‘Magic mushrooms’! Not your typical Amsterdam find but a legal, mastered version all over. Let’s put it this way, they aren’t magic by chance. This family owned mushroom business is run by a father and his two sons. One happens to be my sister’s fiancée George and the other is my ‘koumparos’ Nicos (best man in Greek). Talk about living on a small island! Coincidently, being connected to it by chance and by choice, this mushroom empire, as I joke it to be, is very dear to my heart. Seeing it grow and blossom, it has been at the expense of many sacrifices. Sheer hard work, long hours and dedication have made it what it is today.
‘Kyriakides Mushrooms’ is based in my home town, Limassol and houses five different types of mushrooms: white, oyster, portobello, portobellini and shitake. In a league of its own in quality, management, professionalism and vision, this company provides us with fresh, healthy and delicious produce which is vital for our diet.
For the last fifteen years, these mushrooms have made themselves a prominent part of my family’s diet, even more so when the Kyriakides ‘boys’ are around. When out for dinner, we know to order mushrooms (especially if supplied there and actually the choice of restaurant sometimes even depends on this), when at home we are brought a variety to serve on the table and when abroad, we just do some all-round mushroom tasting. The boys make sure the whole extended family is never without their produce. Learning new recipes through their website and generally being inventive with this vegetable (classified as one even though it isn’t a plant) has made it easier to serve as a starter and a main dish. Knowing that mushrooms are high in antioxidants, selenium and vitamin D we appreciate their taste even more.
Now the fasting period is over, we can enjoy delicious mushroom recipes to the maximum as they are a great combo with both dairy products and meat. There are many to choose from, just visit : www.kyriakides.com.cy to see what tickles your fancy. These three recipes are tried and tested by moi. You should try them! Click on the pictures below.
Pictures with the ‘Magic Mushrooms’. What an educational, interactive visit!
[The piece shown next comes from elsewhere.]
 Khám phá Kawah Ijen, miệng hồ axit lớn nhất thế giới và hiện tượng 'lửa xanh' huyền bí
My two youngest children had great fun picking and packaging mushrooms as well as posing for the camera with the boys and their leading ladies!
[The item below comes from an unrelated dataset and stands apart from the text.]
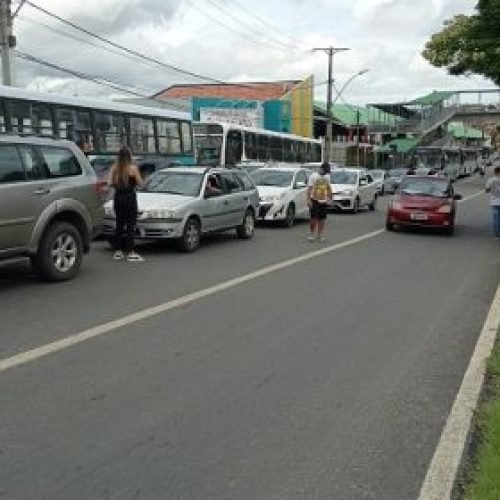 Feira: Empresários fazem carreata em protesto contra lockdown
Some interesting facts I found out about the place when I went to visit. Worth reading and seeing!
Mushrooms are grown indoors! Not in the fields nor on trees 🙂
- Mushroom growing is a lot of hard work. The boys joke around and say that communication between their mushrooms is necessary if they are to be of the best quality.
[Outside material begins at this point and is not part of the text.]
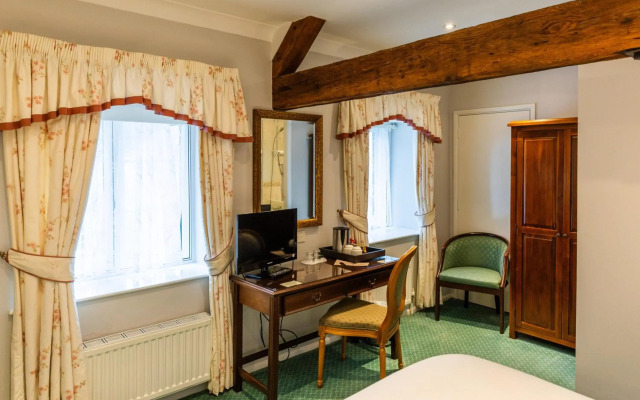 The Izaak Walton Hotel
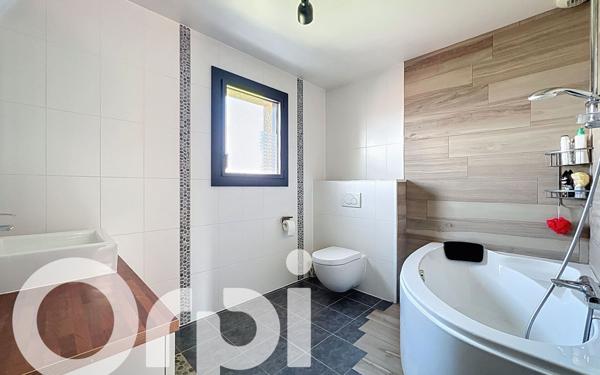 Maison à vendre    5 pièces • 179 m2 Valleiry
- All growing rooms are tightly sealed and the climate inside is carefully monitored with the help of specifically designed computer systems.
- Hygiene is of utmost importance (knowing mushrooms are fungus, this took me by surprise).
- Nobody is allowed to enter the building without wearing gloves and a disinfected uniform.
- All growing rooms are sterilized between crops to ensure the most hygienic environment possible. “We take health and safety seriously around here!” George Kyriakides.
- All mushrooms are carefully harvested by hand and then graded according to size and maturity. Even though hand picking is a difficult job, it is the only way to ensure the best quality possible.
- After harvesting, the mushrooms are quickly cooled to ensure a longer shelf life and then packaged in the ‘Kyriakides Mushrooms’ blue container- a trademark now in Cyprus.
Their funky use of transport ensures daily delivery around Cyprus. I loved it!
- Employees look after the mushrooms 7 days a week, “mushrooms never look at the calendar. Freshly harvested mushrooms find themselves on store counters daily. The vast majority of mushrooms are placed on store counters within 24 hours of harvesting.” Nicos Kyriakides.
- 40 employees help everything run like clockwork.
- Traceability is paramount! The boys can tell when a mushroom was harvested, from which growing room and by which person!